PROVIDED DATA:
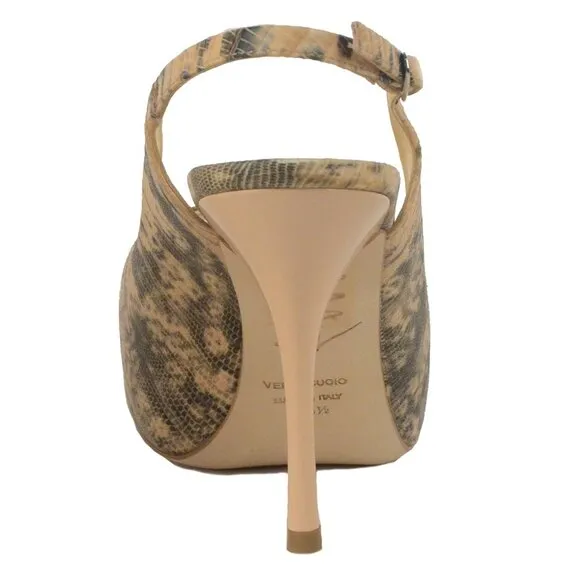 GIUSEPPE ZANOTTI SHOES SLINGBACK SANDALS SNAKESKIN PRINT LEATHER PLATFORM 6.5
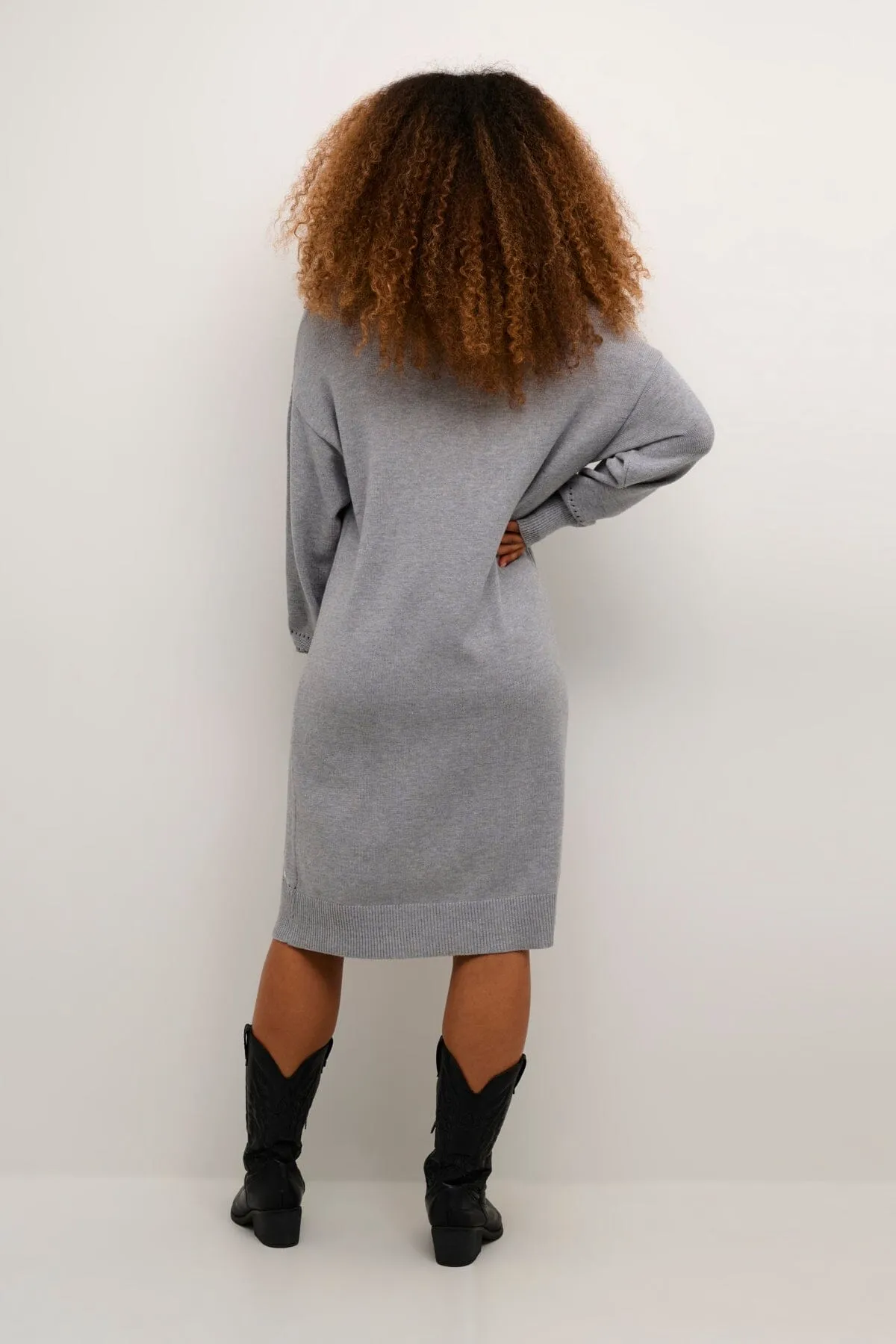 GREY KNITTED CABLE KNIT DETAIL SWEATER DRESS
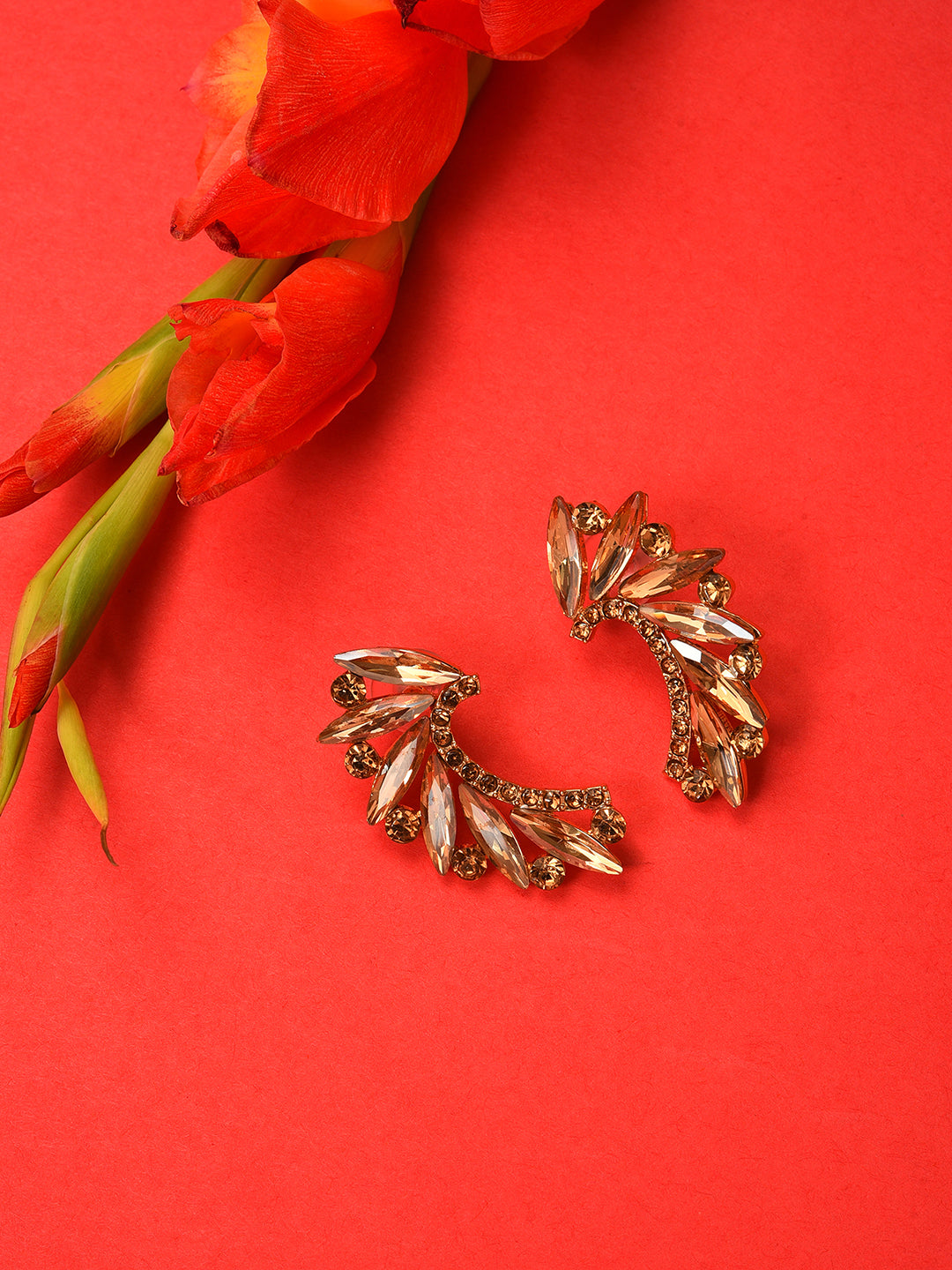 Gold Plated Designer Stone Stud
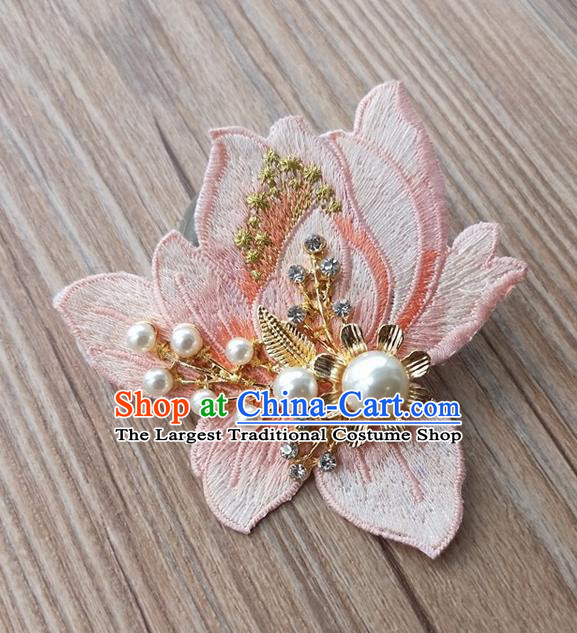 Chinese Traditional Hanfu Embroidered Pink Magnolia Brooch Pendant Ancient Cheongsam Breastpin Accessories for Women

GOAL OF THE EXERCISE:
Copy out exactly the lines from the one with "Gold Plated Designer Stone Stud" through the end of the listing, both ends included, omitting any picture.

RESULT BELOW:
 Gold Plated Designer Stone Stud
 Chinese Traditional Hanfu Embroidered Pink Magnolia Brooch Pendant Ancient Cheongsam Breastpin Accessories for Women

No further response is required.